Terracine est bien encore, en venant de Naples surtout, l'éclatante
Axur dont parle Horace:
Impositum saxis latè candentibus Anxur,
avec son gigantesque rocher qui fut sa base de toutes les époques, et les restes de son palais de Théodoric, qui ne la couronne que depuis le cinquième siècle seulement. Comme il n'était que midi, et que j'avais quelques recherches à faire à Terracine, nous nous arrêtâmes à l'auberge où nous nous étions arrêtés en venant, la seule au reste qui soit, je crois, dans toute la ville.
Dix minutes après notre arrivée, nous étions déjà en route, Jadin pour gravir la montagne couverte de ses ruines gothiques, et moi pour courir au bord de la mer, où l'on retrouve encore des vestiges du port, qui, selon toute probabilité, remonte au temps de la république.
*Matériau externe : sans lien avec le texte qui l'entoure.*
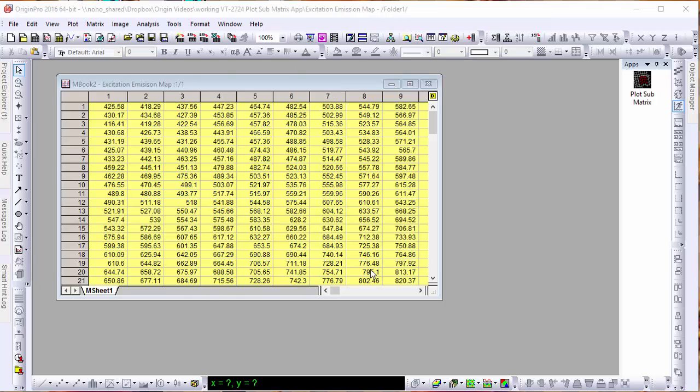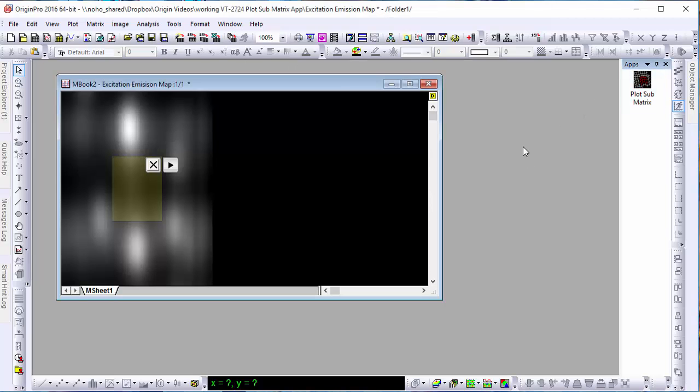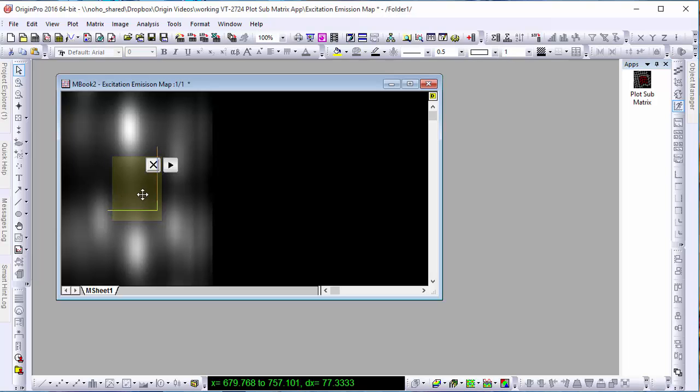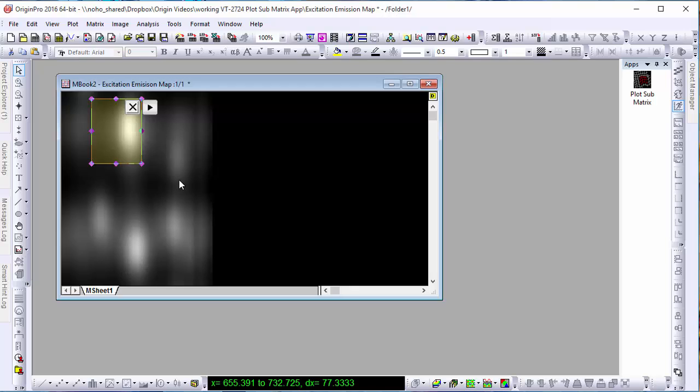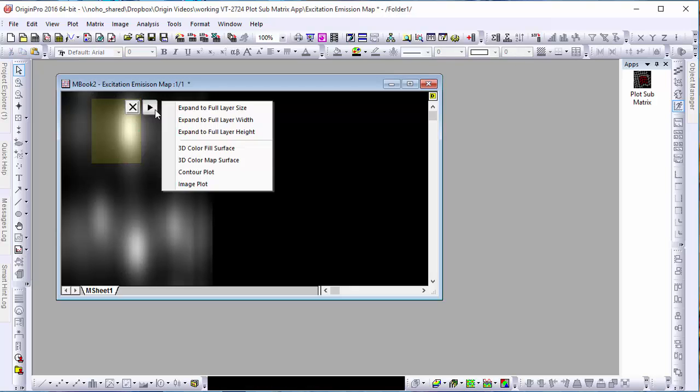With this window active, let's select the Plot Submatrix icon in the Apps Gallery. Our data is now displayed visually with varying shades corresponding to the values of each cell. You'll also notice a region of interest box has been superimposed on this image.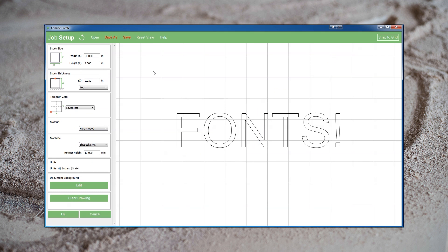A quick note on the retract height we talked about earlier. In addition to making sure it's not dropped to zero, it also doesn't need to be ten. The retract height is how high above the workpiece the bit is lifted as it moves between parts of the cut. If you don't have clamps on top of your material, you can drop this down to two or three and be safe. This will significantly decrease the amount of time the bit spends moving vertically between cuts.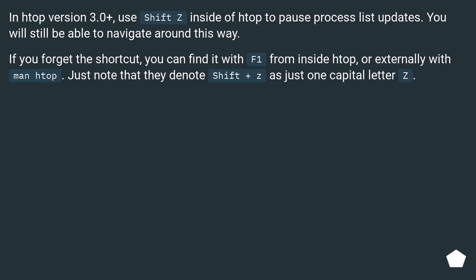In htop version 3.0+, use Shift+Z inside of htop to pause process list updates. You will still be able to navigate around this way.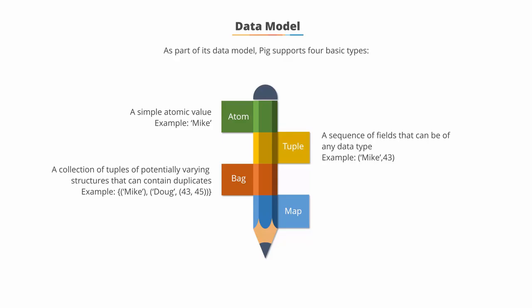The third is Bag, which is a collection of tuples of potentially varying structures and can contain duplicates.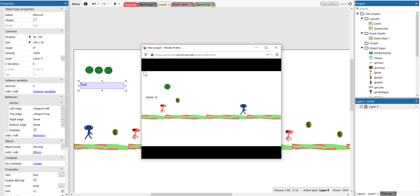So this is how you add coins into your video game. In the next video tutorial, I'm going to show you how to create a checkpoint. Thank you very much for watching. Bye bye.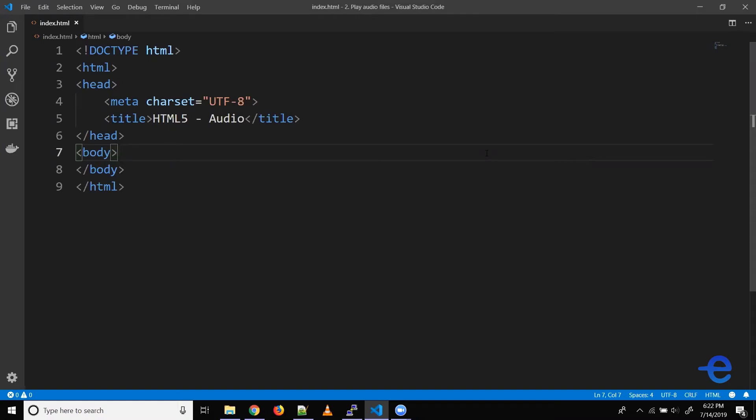Hello everyone and welcome back. In today's video, we will learn about adding audio files in our web page. To play an audio file in HTML5, you can use the audio tag.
En revenant, j'entrai dans la cathédrale. Quelques belles colonnes de marbre blanc qui viennent d'un temple d'Apollon la rendent assez remarquable.
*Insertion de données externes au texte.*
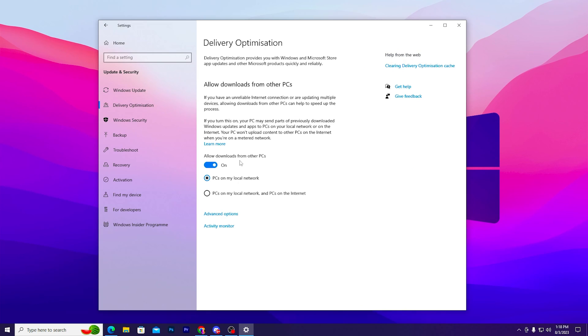Now go for delivery optimization and disable this option which is allow download from other computers. This will help you with optimizing your network speed and getting better latency and ping in Fortnite or any other game.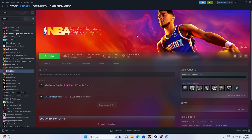Hello everyone, welcome back to Gaming Flow. In this video we're going to talk about how to fix NBA 2K23 crashing issues — it's not launching, freezing, stuttering, low FPS drops, getting stuck on the loading screen, or showing a black screen — issues which are happening for many users right now, and how we can fix this.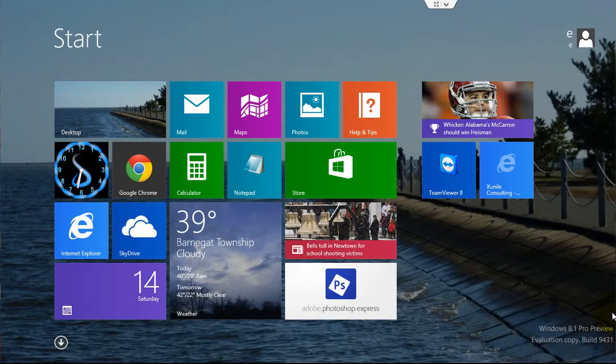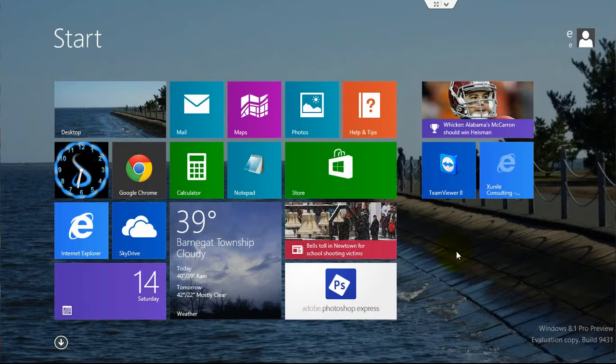In this Windows 8.1 tutorial, I'm going to demonstrate how you can organize your start screen. You can rearrange icons and also give names to these different groups of icons.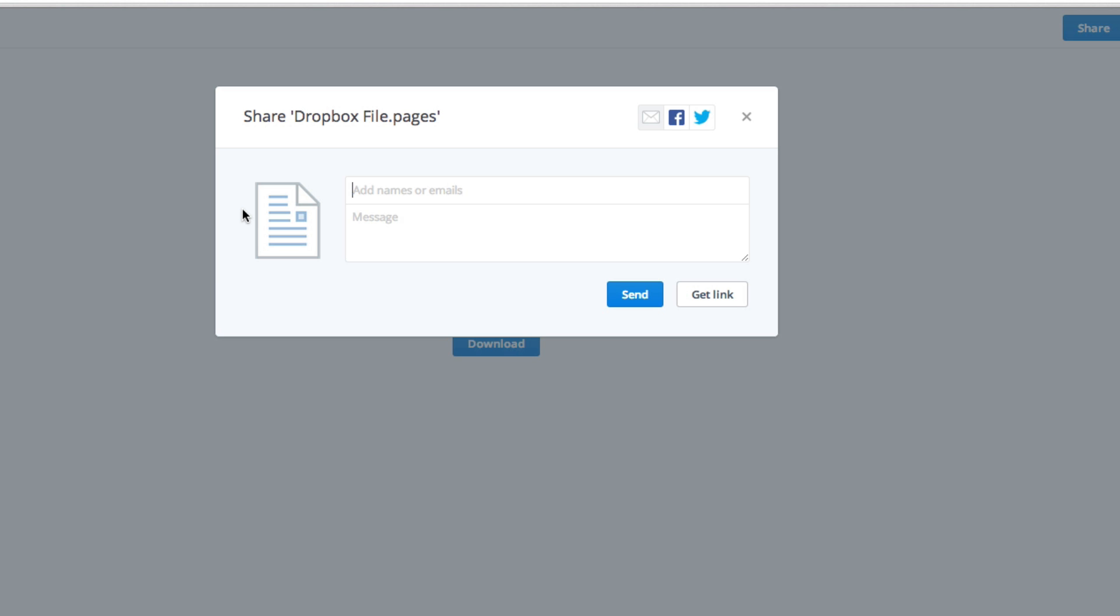You're going to need to type their email into the box here when it prompts you to. That's the person that you're sharing the file with. As you see here, it says 'add names or emails' and 'attach a message.' You're going to go ahead and enter the email of the person that you want to share the file with.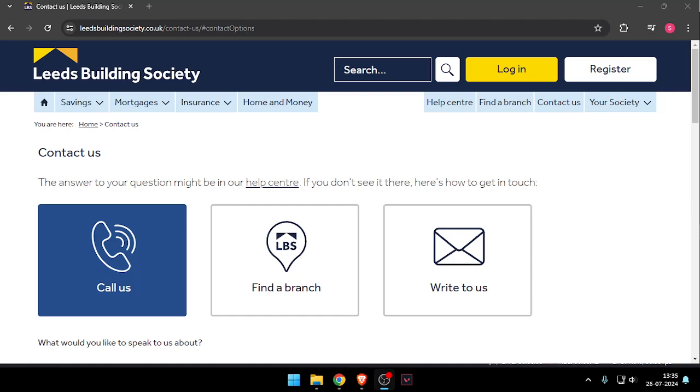So that's it for today's video. If you like this video please do not forget to subscribe to our channel. Thank you.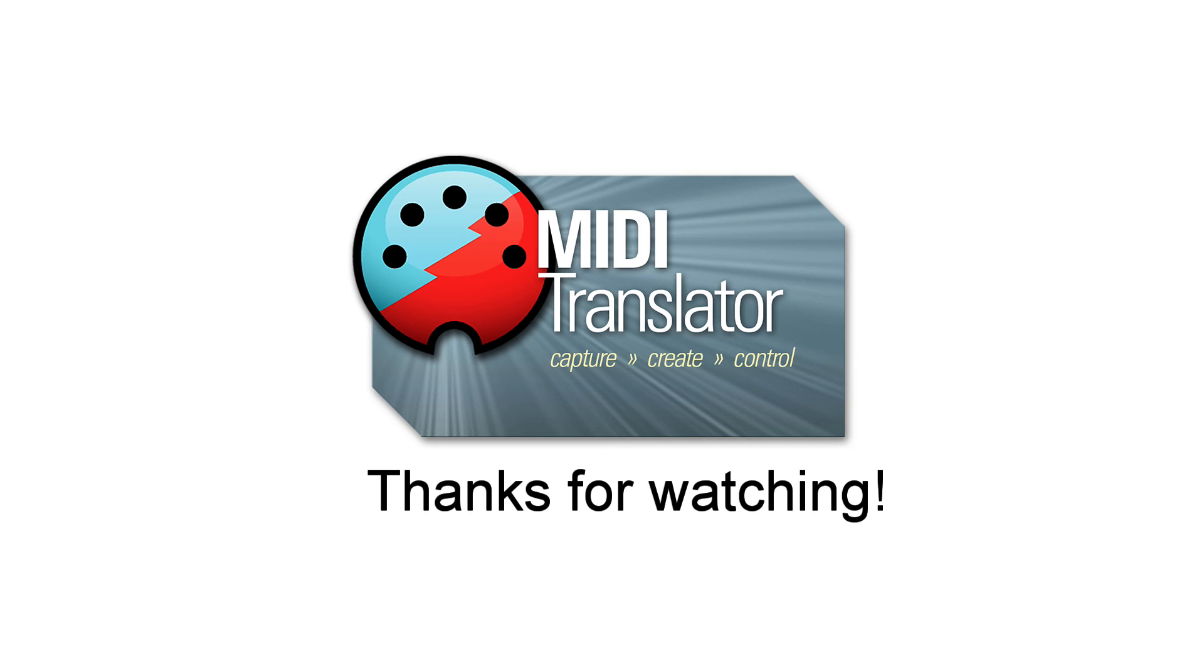Thanks for watching and if you have any questions reach out to us at forum.boom.com.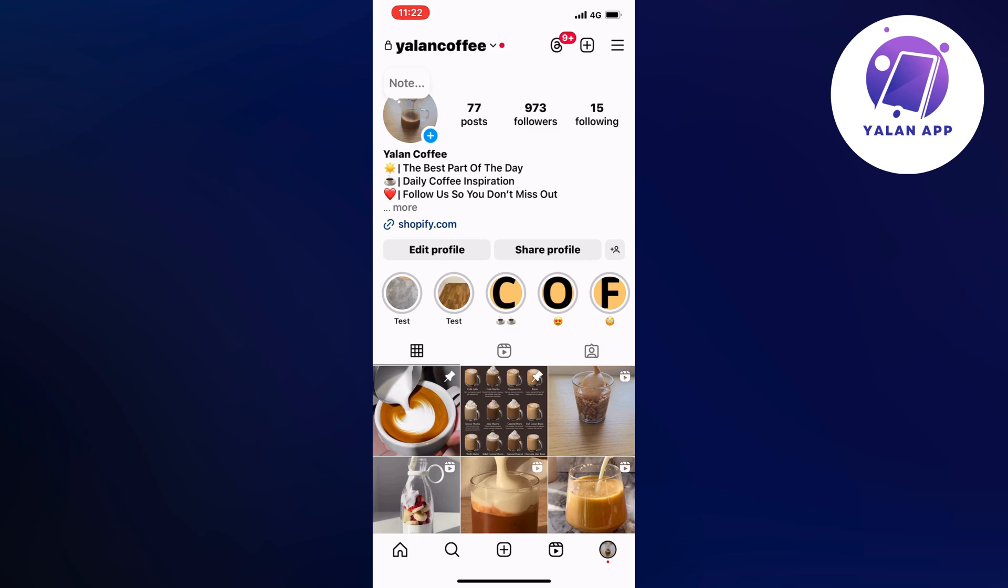So what you're going to do firstly is to just open up your Instagram app and then come to your profile right here as you can see.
En entrant à l'hôtel, j'avais demandé s'il n'existait pas quelque histoire de Mastrilla. On n'a peut-être pas oublié le nom de ce fameux bandit, que Padre Rocco appela si heureusement à son secours, à propos de l'éclairage de Naples, et de cette fameuse histoire de saint Joseph que l'on nous a tant reprochée.
L'histoire de Mastrilla se trouvait renfermée dans une espèce de complainte à peu près intraduisible, que l'on me procura à grand'peine, mais dont à la honte de mon imagination, je l'avoue, je ne pus rien tirer.
Alors force me fut de me borner aux traditions orales, et de me mettre en quête des rapsodes, qui pouvaient, fragment par fragment, me raconter l'Iliade de cet autre Achille.
Les rapsodes me tinrent jusqu'à sept heures du soir à me conter des rapsodies qui n'étaient que les différens couplets de la complainte, séparés au lieu d'être réunis.